French-Khmer man Nan Sophannarith is sitting eating his lunch with his family outside Phnom Sampov cave one late afternoon.
The 56 year old has recently come from France back to his homeland for a holiday, and today he has travelled to the caves to witness one of nature’s great spectacles – bats taking flight en masse.
He told The Post: “I just came back to my homeland a few days ago and travelled to Battambang province with my family. Today we went to Banan district to ride a bamboo train and now we are here to watch the bats fly.”
The bat caves at Phnom Sampov are among the many caves in Banan district that are home to millions of the winged mammals. But in recent years their numbers have dropped dramatically.
Dam Chhang, former chief of Phnom Sampov Bat Cave Community, said that there is one cave at Banan Mountain, three at Phnom Sampov and two at Crocodile Mountain where bats live and raise their offspring.
Worried that the colonies of bats would vacate the caves forever, Chhang formed a community dedicated to protecting the animals, and in the process ensuring the survival of the local tourism industry and the livelihoods of those who collect and sell bat droppings (guano) as fertiliser.
Roeut Savorn, the current chief of Phnom Sampov Bat Cave Community, said that only two caves in the west and east of Phnom Sampov, and one cave in Phnom Neang Rum Say Sork, still host a large bat population.
“To protect the bat population when they fly out of both caves in Phnom Sampov to find food, our teams track them through the rice fields, where they fly close to the ground, as we are afraid that children will hit them with objects,” said Savorn, 39.
“The population of both caves’ bats has dropped about 70 per cent in the last few decades and this is due to many factors, including migrating to other caves and people installing nets when they travel to Boeung Tonle Sap. This cave has largest bat population in Cambodia because we’ve tried hard to protect them,” he said.
Savorn, a specialist in bat preservation and the collection of their droppings, said that the time they fly varies according to the season.
“This rainy season the bats will fly at about 6pm, and during the dry season they will leave the cave for food at about 5:30pm.

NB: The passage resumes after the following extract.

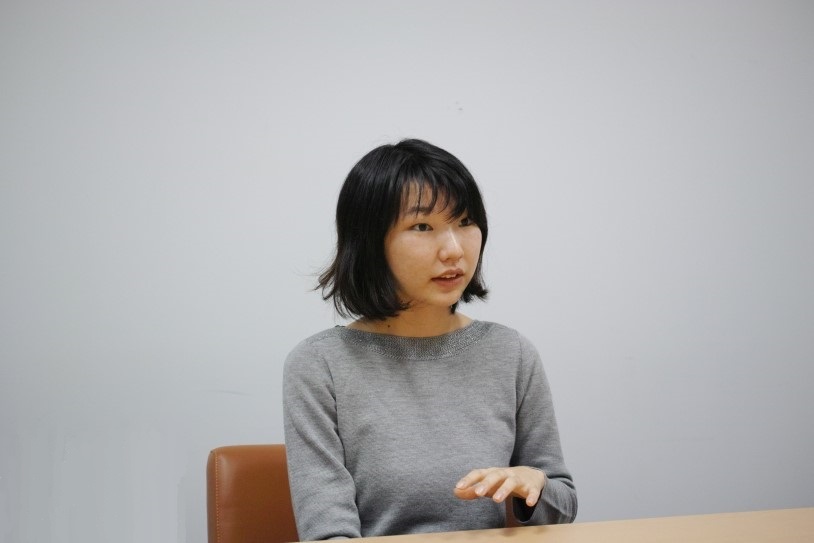 泉さん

Their flights last about two hours,” he said, adding that small colonies of bats can be seen flying into the caves in the early morning too.
In the early evening, stainless steel tables with red plastic chairs are placed along the road next to Phnom Sampov for visitors to sit and watch the bats fly out of the cave, while enjoying snacks served by the local community until late in the evening.
Holding a digital camera and a smart phone to snap pictures of the bats is Janny Tan, a tourist from Singapore visiting Battambang with her friend to see its historical buildings, art scene and bamboo train.
“The bats are a beautiful and pretty unique viewing experience,” she said.
Uch Omthiny Sara, the director of the Battambang provincial tourism department, said that the caves “average between 250 and 300 visitors per day”.
Besides the tourism benefits that the bats bring, their droppings also provide an invaluable lifeline to members of the community who collect and sell it as a natural fertiliser for crops.
“We go to the cave to collect the bat droppings every 15 days. Normally, we have between four and eight people to help. We start work in the early morning without making noise to panic the bats. The cave is complicated and requires hard work. We gather the droppings from every narrow corner space,” Savorn said.
“The guano collection is decreasing. Now we harvest between 70 and 80 bags on a dry day [the rainy season makes collecting guano more challenging]. Local farmers come to buy the droppings from us directly for 25,000 riel [$6.10] per bag.”
The bat caves are located approximately 13km from Battambang town. Visitors should travel along National Road 57 and turn left at Phnom Sampov pagoda.